▸ **GIVEN INFORMATION**
^^^^^^^^^^^^^^^^

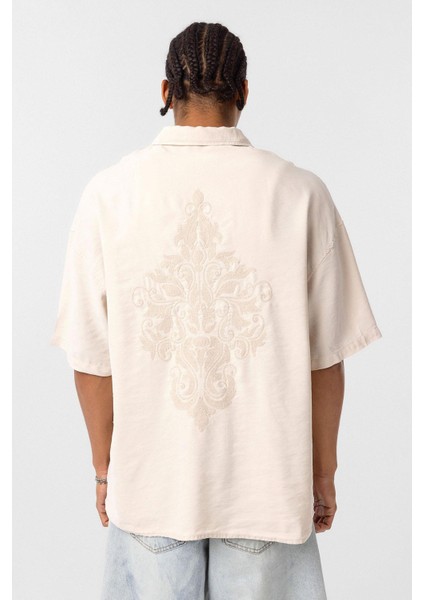 Arka Baskılı Tensel Oversize Gömlek Bej indirimleri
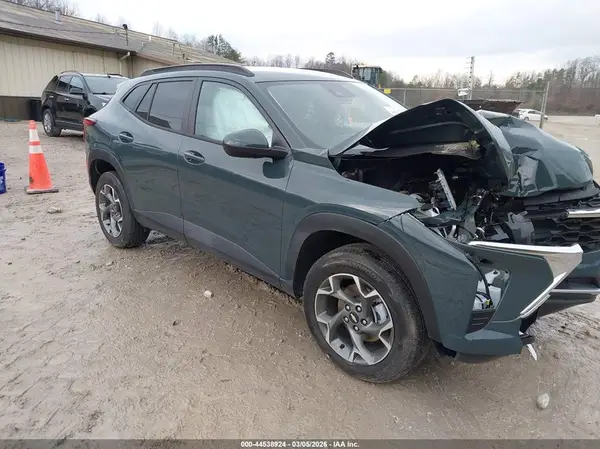 KL77LHEP5TC019170 2026 CHEVROLET TRAX - Image 1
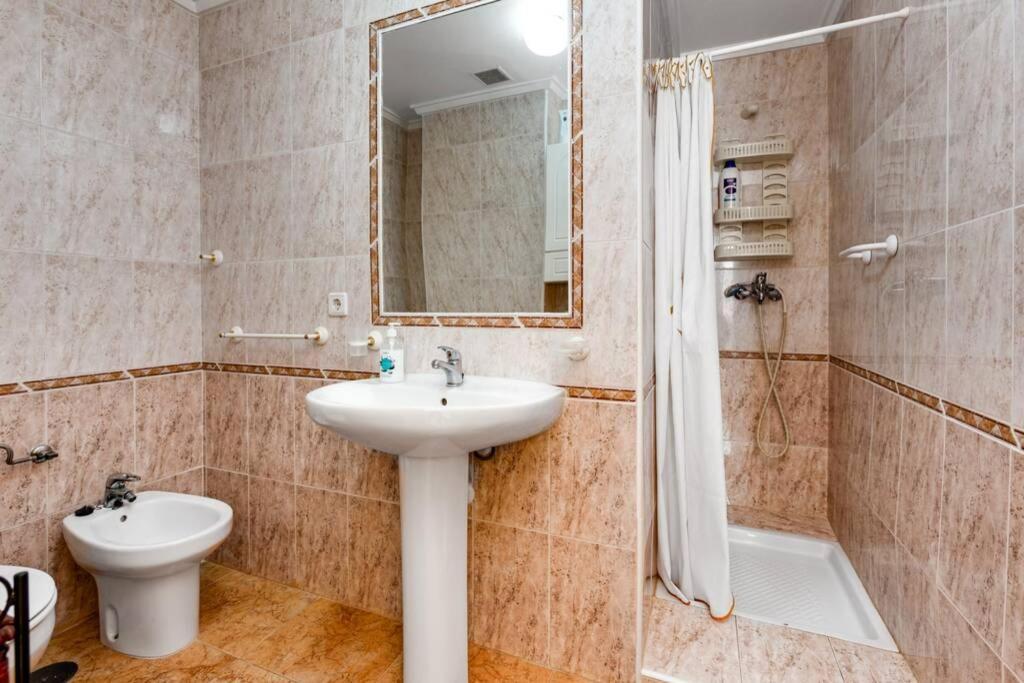 Apartment Ramon Gallud 204 Torrevieja Bagian luar foto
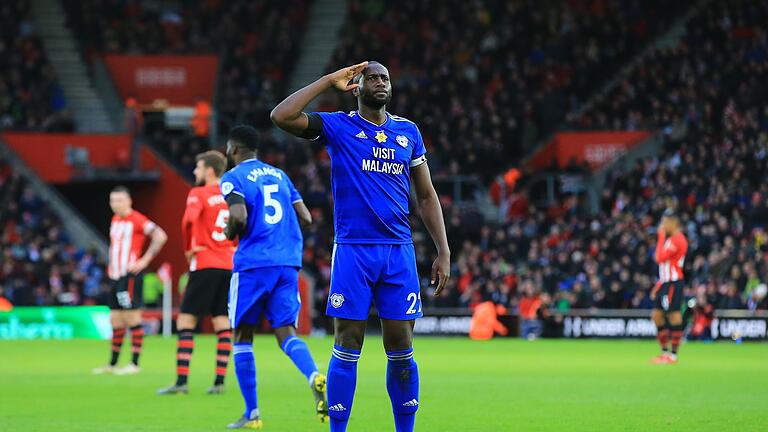 Sol Bamba       -  Sol Bamba spielte auch für Cardiff City in der Premier League. Nun ist Bamba gestorben.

^^^^^^^^^^^^^^^^

▸ **TASK PROMPT**
The listing is to be reproduced in full and exactly, except that its pictures are to be dropped.

▸ **ANSWER BOX**
 Arka Baskılı Tensel Oversize Gömlek Bej indirimleri
 KL77LHEP5TC019170 2026 CHEVROLET TRAX - Image 1
 Apartment Ramon Gallud 204 Torrevieja Bagian luar foto
 Sol Bamba       -  Sol Bamba spielte auch für Cardiff City in der Premier League. Nun ist Bamba gestorben.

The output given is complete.